Protecting religious values
Well look at this.
House Republicans, carrying out their election-year values agenda, on Tuesday pushed through legislation cutting off financial awards for lawsuits successfully filed against expressions of religion such as Christmas displays on government grounds.
Now read that sentence again. For one thing, note the little spin the Guaradian put on the reporting that the House Republicans have a “values agenda.” And as nuanced as it is, use of words like “cutting off” connotes something negative, while the word “successfully” certainly represents a positive. These are small cues for the reader to think a certain way.
The bill, passed 244-173, denies the awarding of attorney’s fees or monetary damages to a party that wins a court case based on the establishment clause in the Constitution that is used to argue a separation of church and state.

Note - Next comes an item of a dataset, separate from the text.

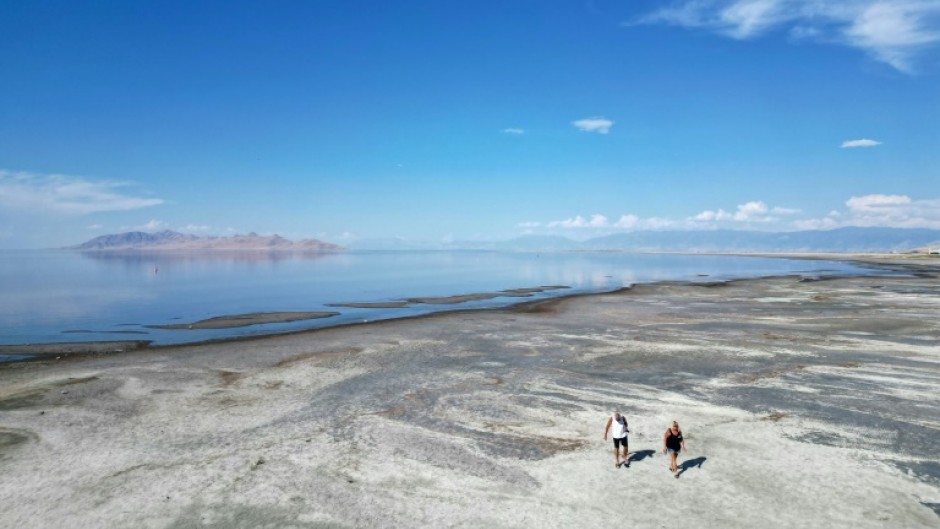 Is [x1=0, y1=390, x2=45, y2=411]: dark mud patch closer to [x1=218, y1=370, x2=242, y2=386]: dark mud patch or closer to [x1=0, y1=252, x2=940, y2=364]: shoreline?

“Denies” is a bad thing, right? Especially to the party that “wins.” But what they win in this case is usually a case argued on a distortion of the establishment clause.

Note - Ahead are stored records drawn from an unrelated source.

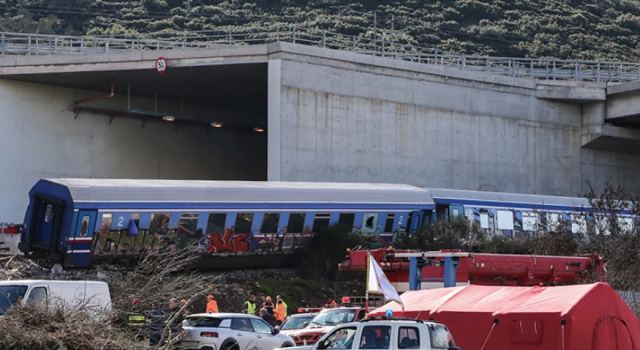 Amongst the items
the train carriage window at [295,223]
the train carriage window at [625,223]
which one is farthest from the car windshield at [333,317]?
the train carriage window at [625,223]

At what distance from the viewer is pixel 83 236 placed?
1320 inches

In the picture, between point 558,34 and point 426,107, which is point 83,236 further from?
point 558,34

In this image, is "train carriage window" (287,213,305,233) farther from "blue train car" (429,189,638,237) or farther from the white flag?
the white flag

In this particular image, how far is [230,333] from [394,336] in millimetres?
5705

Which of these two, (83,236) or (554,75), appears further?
(554,75)

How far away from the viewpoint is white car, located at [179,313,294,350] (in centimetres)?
2231

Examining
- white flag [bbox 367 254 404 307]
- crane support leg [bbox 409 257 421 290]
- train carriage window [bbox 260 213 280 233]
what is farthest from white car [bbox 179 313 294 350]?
train carriage window [bbox 260 213 280 233]

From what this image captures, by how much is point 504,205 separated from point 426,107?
7.03 metres

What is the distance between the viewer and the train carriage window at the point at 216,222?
36.3 meters

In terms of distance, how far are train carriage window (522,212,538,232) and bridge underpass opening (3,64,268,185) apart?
1103cm

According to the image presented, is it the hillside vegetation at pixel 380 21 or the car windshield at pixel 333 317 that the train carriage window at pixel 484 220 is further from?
the hillside vegetation at pixel 380 21

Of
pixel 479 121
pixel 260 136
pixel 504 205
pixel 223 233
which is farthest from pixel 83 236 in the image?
pixel 260 136

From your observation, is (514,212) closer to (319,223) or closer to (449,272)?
(319,223)

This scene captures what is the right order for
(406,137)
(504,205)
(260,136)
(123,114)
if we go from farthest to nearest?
1. (260,136)
2. (123,114)
3. (406,137)
4. (504,205)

Anyway, here’s some reaction the U.K. Guardian picked up after the vote.
“We cannot continue to allow frivolous and, frankly, unwarranted lawsuits to stifle the beliefs and self-determination of our great communities,” said Rep. Phil Gingrey, R-Ga.
But,
Democratic opponents saw the bill as a serious infringement of constitutional rights.
“This bill would make it more difficult for ordinary Americans to defend their religious freedom against intrusion by government,” said Rep. Chet Edwards, D-Texas. “There’s nothing benign about this bill.”
Actually, those ordinary Americans are the ones in court trying to defend their religious freedom that the establishment clause allows in its second half, and put up their nativity scenes at Christmas, for instance. And it’s the activist judicial system they’re trying to defend against. So the “ordinary Americans” Rep. Edwards seems to be referring to would be those who don’t want any religious symbols that offend them (which are always Christian) within sight.
But there’s more reaction.
“Singling out one class of cases for the denial of attorney’s fees when every other one gets them does seem to me an odd way to run a constitution,” said Rep. Barney Frank, D-Mass.
Seems like coming up with a way to stretch a ‘right to privacy’ into Roe v. Wade and Doe v. Bolton is a terribly odd way to run a constitution.
Backers of the legislation cited cases contesting the use of religious symbols, such as crosses in veterans’ cemeteries, the display of the Ten Commandments in public buildings or using public land to host the Boy Scouts, who require participants to declare belief in God.
Actually, the Boy Scouts is an organization one voluntary joins, taking the pledge for the very reason that it represents their personal convictions. So to say they “require” a declared belief is misleading. And by the way, isn’t public land used to host parades and rallies and demonstrations of a whole range of groups with strong beliefs? Like, say, the ‘gay pride’ parade that includes costumed characters mocking the Catholic Church?
Representatives who passed this legislation thought it was overdue.
They said local and state governments, unable to match the financial resources of civil liberties groups such as the American Civil Liberties Union and unwilling to pay costly attorney’s fees in losing cases, often accede to demands to remove religious symbols.
“This is an issue of allowing the cases to go to court and not to have the threat or intimidation by the ACLU and their minions to hang over all of these heads,” said Rep. John Hostettler, R-Ind., sponsor of the bill.
The Senate has not taken up the issue yet, and is not expected to before the end of this Session.